Information shown »
* * * * *

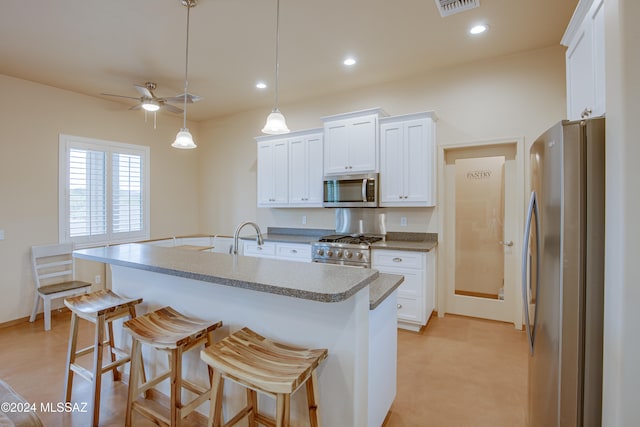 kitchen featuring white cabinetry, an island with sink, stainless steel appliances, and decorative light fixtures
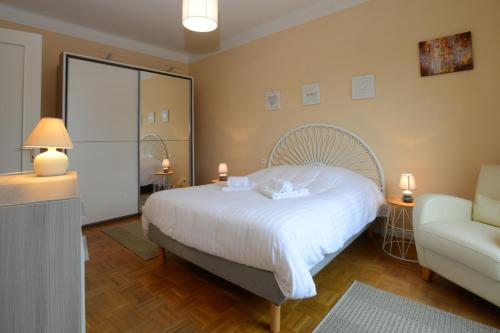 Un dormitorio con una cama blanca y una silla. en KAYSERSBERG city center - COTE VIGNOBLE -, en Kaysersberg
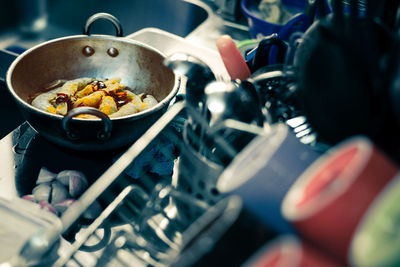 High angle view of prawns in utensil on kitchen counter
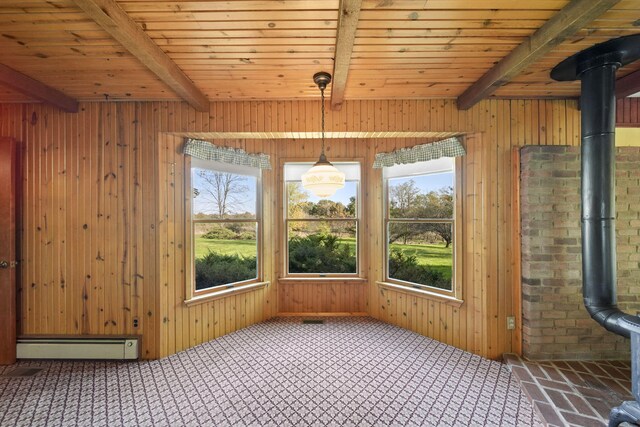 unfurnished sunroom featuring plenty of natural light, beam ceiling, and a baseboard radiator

* * * * *

Try it »
Repeat the data exactly, dropping every picture it holds.

Solution to this task »
 kitchen featuring white cabinetry, an island with sink, stainless steel appliances, and decorative light fixtures
 Un dormitorio con una cama blanca y una silla. en KAYSERSBERG city center - COTE VIGNOBLE -, en Kaysersberg
 High angle view of prawns in utensil on kitchen counter
 unfurnished sunroom featuring plenty of natural light, beam ceiling, and a baseboard radiator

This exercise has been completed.